## Work instructions
The line containing "Property at 814", plus every line that follows it to the end of the listing below, is what you transcribe exactly; omit all pictures.

======== Material for the task ========

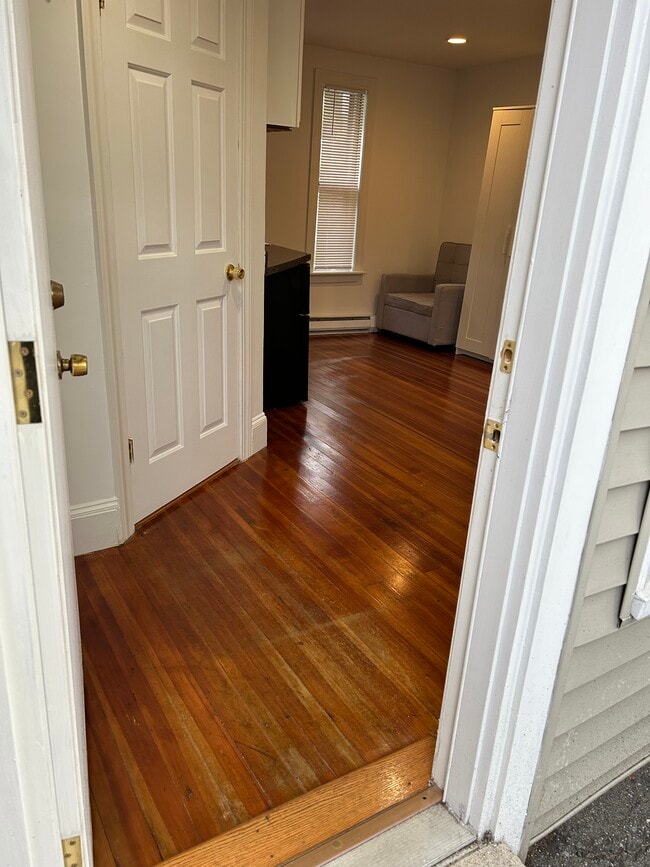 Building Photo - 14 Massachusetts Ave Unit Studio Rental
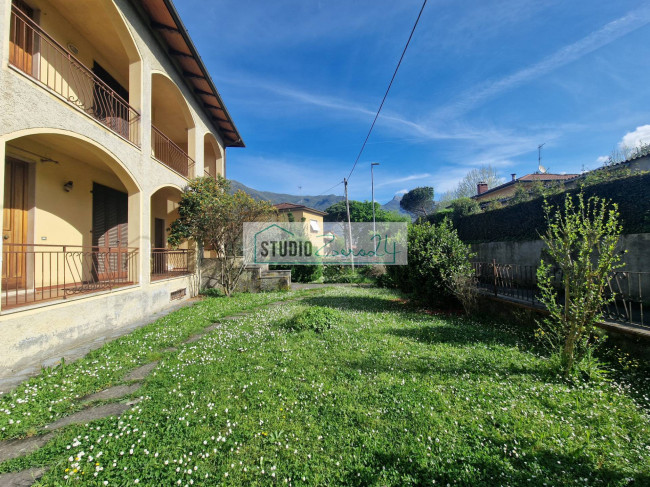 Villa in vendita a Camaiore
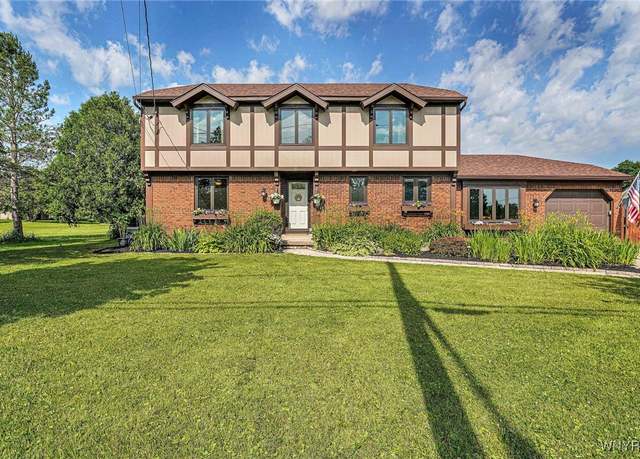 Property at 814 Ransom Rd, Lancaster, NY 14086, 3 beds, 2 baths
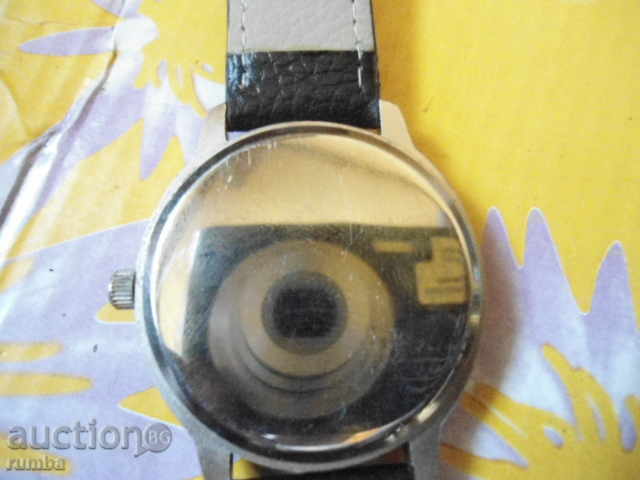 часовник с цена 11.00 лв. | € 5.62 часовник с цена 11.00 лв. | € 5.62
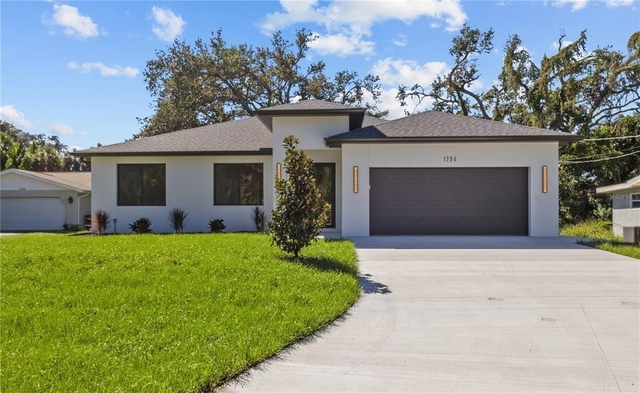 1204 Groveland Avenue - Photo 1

========

## Output for this exercise
 Property at 814 Ransom Rd, Lancaster, NY 14086, 3 beds, 2 baths
 часовник с цена 11.00 лв. | € 5.62 часовник с цена 11.00 лв. | € 5.62
 1204 Groveland Avenue - Photo 1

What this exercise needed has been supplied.